Dept of Food Science, Univ of Bologna, Piazza Goidanich 60, 47521 Cesena, FC, Italy.
J Food Sci. 2012 Sep;77(9):C960-5. doi: 10.1111/j.1750-3841.2012.02851.x. Epub 2012 Aug 21.
An electronic nose (EN) based on an array of 10 metal oxide semiconductor sensors was used, jointly with an artificial neural network (ANN), to predict coffee roasting degree. The flavor release evolution and the main physicochemical modifications (weight loss, density, moisture content, and surface color: L*, a*), during the roasting process of coffee, were monitored at different cooking times (0, 6, 8, 10, 14, 19 min). Principal component analysis (PCA) was used to reduce the dimensionality of sensors data set (600 values per sensor). The selected PCs were used as ANN input variables. Two types of ANN methods (multilayer perceptron [MLP] and general regression neural network [GRNN]) were used in order to estimate the EN signals. For both neural networks the input values were represented by scores of sensors data set PCs, while the output values were the quality parameter at different roasting times. Both the ANNs were able to well predict coffee roasting degree, giving good prediction results for both roasting time and coffee quality parameters. In particular, GRNN showed the highest prediction reliability.

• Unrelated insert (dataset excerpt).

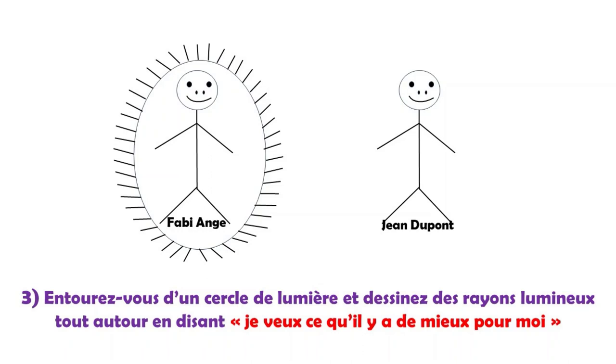Troisième étape : je dessine un cercle de lumière autour de moi. Le cercle doit être bien fermé, et pour ne pas que mon subconscient enregistre que je suis enfermé dans quelque chose, je vais dessiner des rayons lumineux tout autour, pour que mon subconscient enregistre que je suis dans un cercle de lumière et non pas enfermé. C'est important, prenez le temps de faire ces rayons. En même temps, dites : « Je veux ce qui est le mieux pour moi, c'est-à-dire Fabie-Ange, conscient et inconscient. » Je ne sais pas ce qui est le mieux pour moi, mais je le veux.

Actually the evaluation of coffee roasting degree is mainly a manned operation, substantially based on the empirical final color observation. For this reason it requires well-trained operators with a long professional skill. The coupling of e-nose and artificial neural networks (ANNs) may represent an effective possibility to roasting process automation and to set up a more reproducible procedure for final coffee bean quality characterization.
基于 10 个金属氧化物半导体传感器阵列的电子鼻(EN)与人工神经网络(ANN)一起用于预测咖啡烘焙程度。在不同的烘焙时间(0、6、8、10、14、19 分钟)监测咖啡烘焙过程中的风味释放演变和主要物理化学变化(失重、密度、水分含量和表面颜色:L*、a*)。主成分分析(PCA)用于降低传感器数据集的维数(每个传感器 600 个值)。选择的 PC 用作 ANN 的输入变量。为了估计 EN 信号,使用了两种类型的 ANN 方法(多层感知器[MLP]和广义回归神经网络[GRNN])。对于这两种神经网络,输入值由传感器数据集 PC 的分数表示,而输出值为不同烘焙时间的质量参数。两种神经网络都能够很好地预测咖啡烘焙程度,对烘焙时间和咖啡质量参数都有很好的预测结果。特别是,GRNN 显示了最高的预测可靠性。
实际上,咖啡烘焙程度的评估主要是人工操作,主要基于经验观察的最终颜色。因此,它需要经过长时间专业培训的操作人员。电子鼻和人工神经网络(ANNs)的结合可能代表了烘焙过程自动化和建立更具重现性的最终咖啡豆质量特征描述程序的有效可能性。